De hecho, poco sabemos de cada uno de los mártires, que no eran ni soldados ni grandes personajes, sino cristianos sencillos y de fe profunda de los que ni siquiera sabemos sus nombres, con la excepción de su obispo, Stefano Pendinelli y del sastre Antonio Primaldo, que habló en nombre de todos, declarando que: “Creemos todos en Jesucristo, hijo de Dios, y estamos listos para morir mil veces por Él”.
Según las crónicas de la época, Primaldo se dirigió a sus conciudadanos con las siguientes palabras:
“Hermanos míos, hasta hoy hemos combatido para defender la patria y para salvar la vida y por nuestros señores temporales, ahora es tiempo de que combatamos para salvar nuestras almas para nuestro Señor, que murió por nosotros en la cruz; conviene que nosotros muramos por Él, manteniéndonos firmes y constantes en la fe para que con esta muerte temporal ganemos la vida eterna y la gloria del martirio”.

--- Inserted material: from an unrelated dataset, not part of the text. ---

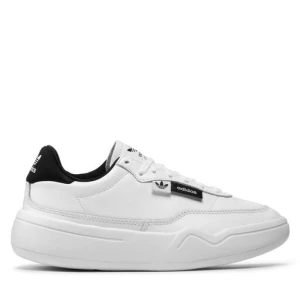 Sneakersy adidas Her Court W GW5364 Biały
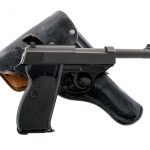 Walther P38 / P1 9mm Semi Auto Pistol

Y acababa Primaldo, como recordaba Juan Pablo II en la ceremonia de beatificación, declarando ante los turcos: "Creemos en Jesucristo, hijo de Dios, y por Jesucristo estamos prestos a morir."
Los mártires de Otranto no sólo ganaron la vida eterna, sino que su resistencia permitió al rey de Nápoles, Fernando, organizar un ejército y reconquistar la ciudad, desbaratando los planes otomanos. De esta manera el martirio de Otranto salvó a la misma Roma y probablemente a la Iglesia y a nuestra civilización. Mehmed II moría un año después, con sólo 49 años de edad, y los planes otomanos de conquista de Roma quedaban frustrados.

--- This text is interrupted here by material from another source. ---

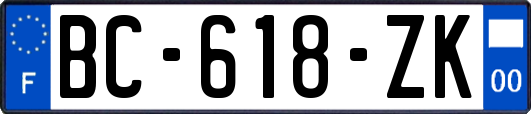BC-618-ZK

¿Podemos extraer alguna enseñanza de este ejemplo martirial? Por supuesto, y no una, sino varias. Por un lado, como ha escrito Alfredo Mantovano: “Lo que hace extraordinario este episodio lleno de significado, también para el europeo de hoy en día, es que en la historia de la Cristiandad no han faltado nunca testimonios de fe ni han faltado grupos de hombres que han afrontado con valentía pruebas extremas. Pero nunca había sucedido un episodio de tan vastas proporciones: una ciudad entera que primero lucha como puede y mantiene el asedio durante varios días, y que luego responde con firmeza a la propuesta de abjuración. En la Colina de Minerva, aparte del viejo Primaldo, no destaca ninguna individualidad, es una población entera la que afronta la prueba”.

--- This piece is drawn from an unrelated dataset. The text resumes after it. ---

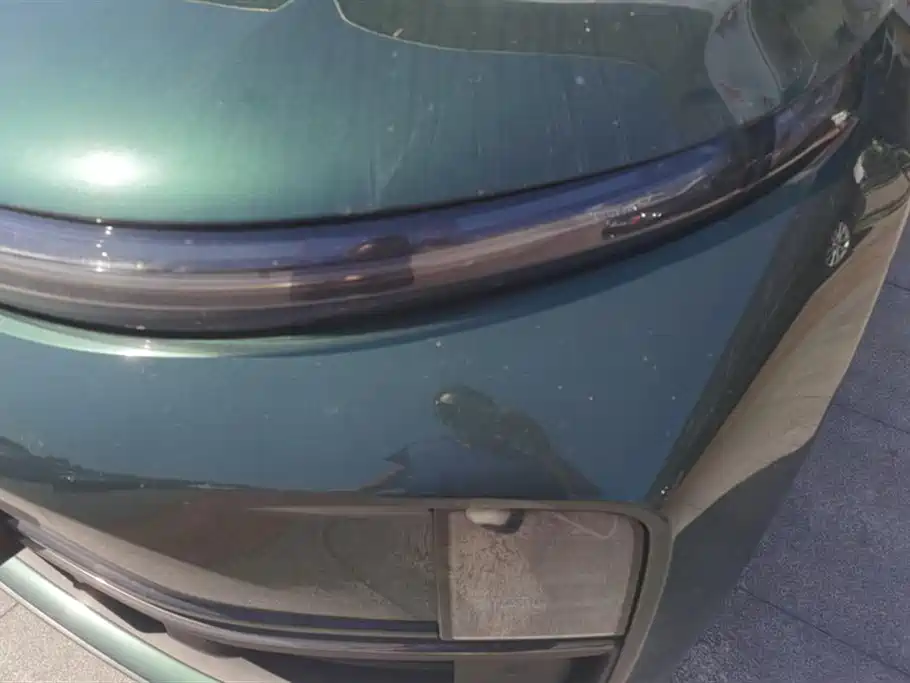 Li Auto Ideal L7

Como cada martirio, el de Otranto también testimonia la fuerza de la fe, que hay algo que vale más que la vida y que es precisamente por eso por lo que vale la pena vivir, por lo que la vida tiene sentido. Es lo que, en este año de la Fe, el Papa Francisco señalaba al responder a la pregunta acerca del origen de la fuerza de los mártires para permanecer fieles: "de la fe, que nos hace ver mas allá de los límites de nuestro mirar humano, mas allá de nuestra vida terrenal, y nos hace contemplar los cielos abiertos, como dice san Esteban, y el Cristo vivo a la derecha del Padre". Como otros mártires, los santos de Otranto nos recuerdan que "la fe que hemos recibido es nuestro verdadero tesoro", un tesoro más precioso que la vida misma.
Por otro lado, esta canonización nos sirve para recordar que el martirio no es algo pasado, sino muy actual. Como afirmaba el Papa (que con esta canonización se ha convertido, con escasos mese de pontificado, en el Papa de la historia que ha canonizado a más santos) durante su homilía, "al venerar a los mártires de Otranto, pidamos a Dios que sostenga a los muchos cristianos que hoy, y en muchos lugares del mundo, todavía sufren violencia y que les dé la valentía de ser fieles y de responder al mal con bien".
Por último, en tiempos de multiculturalismo, de abandono de nuestras propias tradiciones y en los que parece que ya no creemos en nada, el testimonio de los mártires de Otranto al rechazar el expansionismo musulmán nos recuerda dónde se encuentran las fuentes, tanto de la vida social terrenal, como de la vida eterna.